Consequently, climate change in the region influences the risks of natural disasters, including avalanches, underscoring the importance of accurate prediction and assessment of these hazards.
Research conducted in North America [9], Northern Europe [10], and the Alps [11] has demonstrated the importance and necessity of studying meteorological data for avalanche forecasting using databases. The relationship between climate change and avalanche occurrence has also been investigated in India [12] and China [13]. In [12], the authors highlight that the formation of snow avalanches is influenced by meteorological conditions such as air temperature, atmospheric pressure, and wind speed. In [13], it is noted that precipitation, air temperature, and snow cover conditions can change significantly with climate warming, which also leads to avalanche formation and activity. All of these studies indicate that avalanche formation is influenced by a range of meteorological conditions, with regional climatic features and the relative importance of specific factors varying over time.
Machine learning methods are widely used to analyze the factors influencing avalanches. The successful application of machine learning is primarily due to its ability to extract complex non-linear relationships from data [14]. This is achieved through the use of various algorithms that can adapt to different data structures and reveal hidden patterns.
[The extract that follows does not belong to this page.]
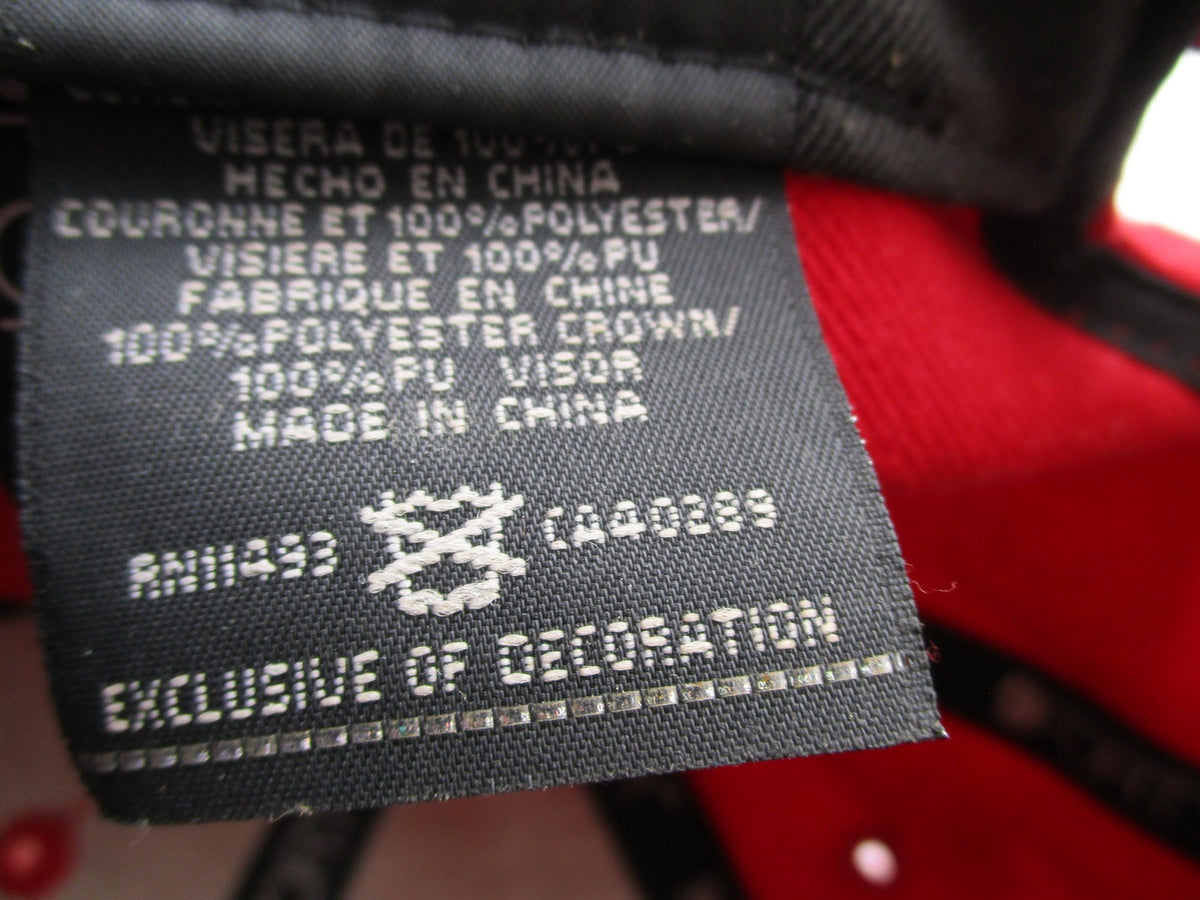 Chicago Bulls Hat Cap Strap Back One Size Red NBA Basketball Mens New Era18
To study the influence of factors on avalanches in the French Alps, the authors of [15] used different predictive frameworks, and the implementation of SHAP (Shapley Additive exPlanations) identified the most important attributes for avalanche susceptibility detection, such as slope, altitude, and wind speed for the region under consideration.
The work by Durlević et al. [16], dedicated to the use of Geographic Information Systems (GIS) for spatial modeling of avalanches in the Šar Mountains, Serbia, represents an important contribution to the field of avalanche hazard forecasting under climate change conditions. The researchers used the Analytic Hierarchy Process (AHP) to evaluate the influence of various factors such as slope, terrain, precipitation, and temperature on avalanche probability. This approach combines expert assessments with GIS data, enabling more accurate modeling of avalanche risks in mountain regions.
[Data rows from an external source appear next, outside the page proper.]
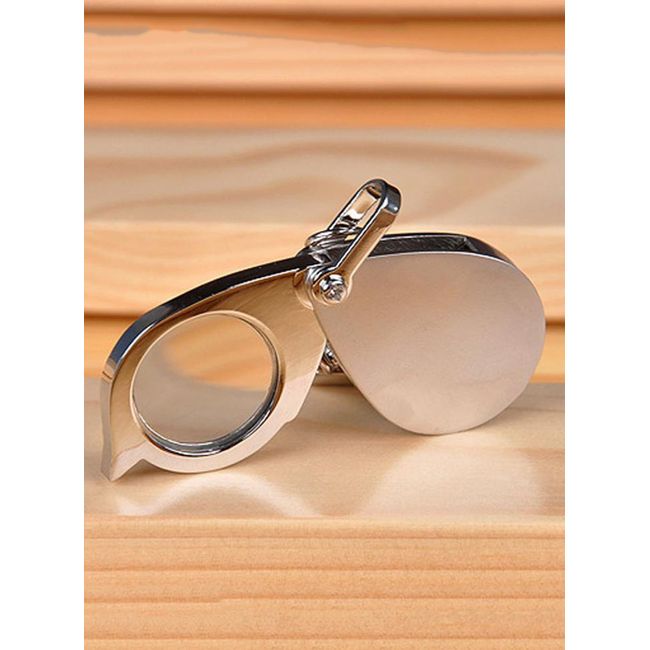 1pc 30x Foldable Pocket Magnifying Glass For Jewelry & Antique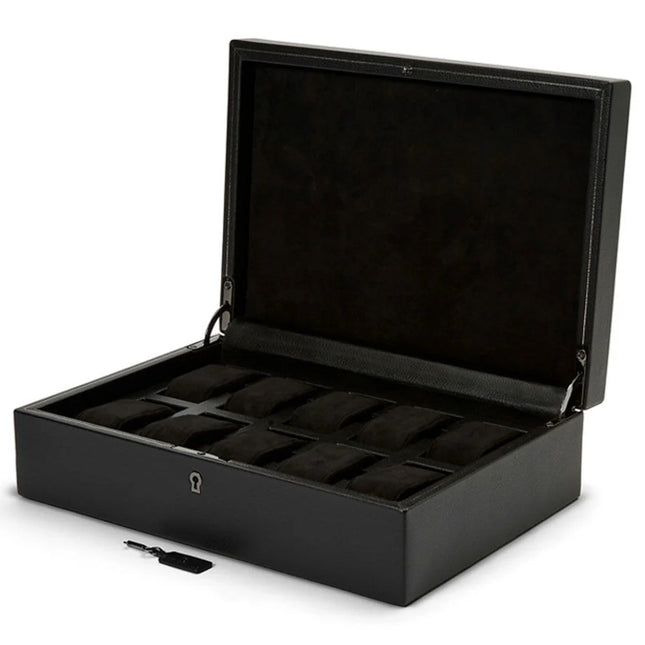 Coffret de Rangement à Montre de Luxe en Noir - Royaume de la Boîte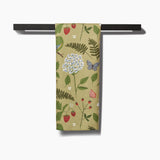 Geometry Good Green Earth Tea Towel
To improve forecasting accuracy, it is necessary to employ modern approaches to analyzing large meteorological datasets, including machine learning algorithms [17].
Recent advances in machine learning offer new opportunities for analyzing and predicting avalanche hazard.
Machine learning techniques such as neural networks, decision trees, and ensemble methods enable the modeling of complex dependencies that are often undetectable using traditional statistical approaches. These algorithms are trained on large datasets, allowing them to efficiently process various types of information—including text, images, and time series—and significantly enhance the quality of results [18].
Machine learning methods are particularly well suited for predicting and modeling natural phenomena that involve large volumes of data. The effectiveness of these approaches depends on the careful selection of input variables and the appropriate choice of model architecture [19].
For example, in the work by Tiwari et al. [20], the use of machine learning methods for predicting avalanche locations is investigated using the example of the Leh-Manali Highway in India. In this study, an assessment of parameter importance was conducted, including temperature, precipitation, slope, and terrain, with the aim of improving the model’s predictive capability. The results show that analysis of these factors, as well as the application of machine learning methods such as random forests and decision trees, significantly increases the accuracy of avalanche forecasting.
It is well known that one of the machine learning methods is the use of Graph Neural Networks (GNN) for analyzing spatiotemporal data. Graph Neural Networks represent a powerful tool for modeling complex interactions between various parameters in space and time, which is particularly useful for analyzing natural phenomena such as landslides [21] and avalanches. Graphs allow data to be represented as nodes and edges, where nodes can be, for example, different regions or time intervals, and edges represent connections between these regions or time periods. This enables effective modeling of spatiotemporal dependencies between meteorological factors such as temperature, precipitation, and wind speed, as well as forecasting avalanche hazard dynamics.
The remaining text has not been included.